West Devon Borough Council is urging the highways authorities to use 'joined-up thinking' to find a solution to problems at the Merrymeet Roundabout near Whiddon Down — the scene of several serious and fatal accidents.
The Highways Agency favours an option to get rid of the roundabout — the first drivers encounter after leaving London via the motorway — and build a bridge over the top at a cost of over £4.5 million.
But residents in Whiddon Down want the plans to include a slip road onto the A30 from the A3124, which would prevent heavy goods lorries travelling through their village to join the duel carriageway at Merrymeet.
Strong arguments for a slip road were made by borough councillors last week, when they heard a presentation of the road improvement plans by highways agency consultants Parsons Brinkerhoff Infrastructure Ltd.

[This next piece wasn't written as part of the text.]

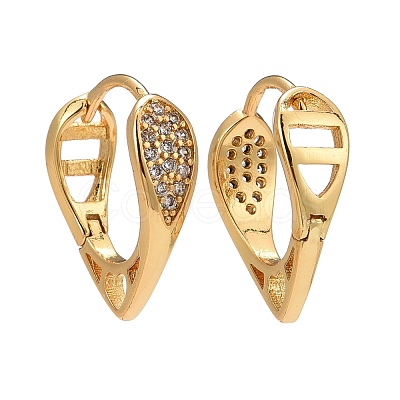 Teardrop Clear Cubic Zirconia Huggie Hoop Earrings EJEW-C012-01-1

Although such a road would not come under the remit of the Highways Agency but that of Devon County Council, borough councillors and officers felt savings could be made by joining forces.
Planning chief Stephen Gill said: 'Everyone welcomes an improvement to the Merrymeet Roundabout but the junction to North Tawton (A3124) at Whiddon Down has been identified as a problem for a number of years.
'It seems to me nonsensical not to do them together when they are so close.'
Cllr Peter Hill said tourists would benefit from the A30 road scheme to improve safety and ease congestion, but not local residents.
'People living in this area have been shortchanged since the very day a decision was taken to put in a lorry route right up to Winkleigh,' he said.
'There has been complete blindness to this problem — is this what we must expect from our transport minister?'
He said faced with the knowledge that the agricultural industry was never going to be what it once was, the Government should be trying to help improve economic development in Devon.
'Transportation is very important for any alternative industry we have, so improving the road links is of major importance,' he said.
The Whiddon Down residents campaign has also been backed by their county councillor, Bill Cann.
Local service officer for Devon County Council, Mike Parnell, said the council would be working closely with the Highways Agency to come up with a solution.
A link to the A30 from the A3124 was first debated when the duel carriageway was built in the mid 1980s.
Mr Parnell said the executive committee of the county council would have to decide whether it was still required and if so, how far they were going to go with any scheme.
A new link and road widening is estimated to cost in the region of £1 million.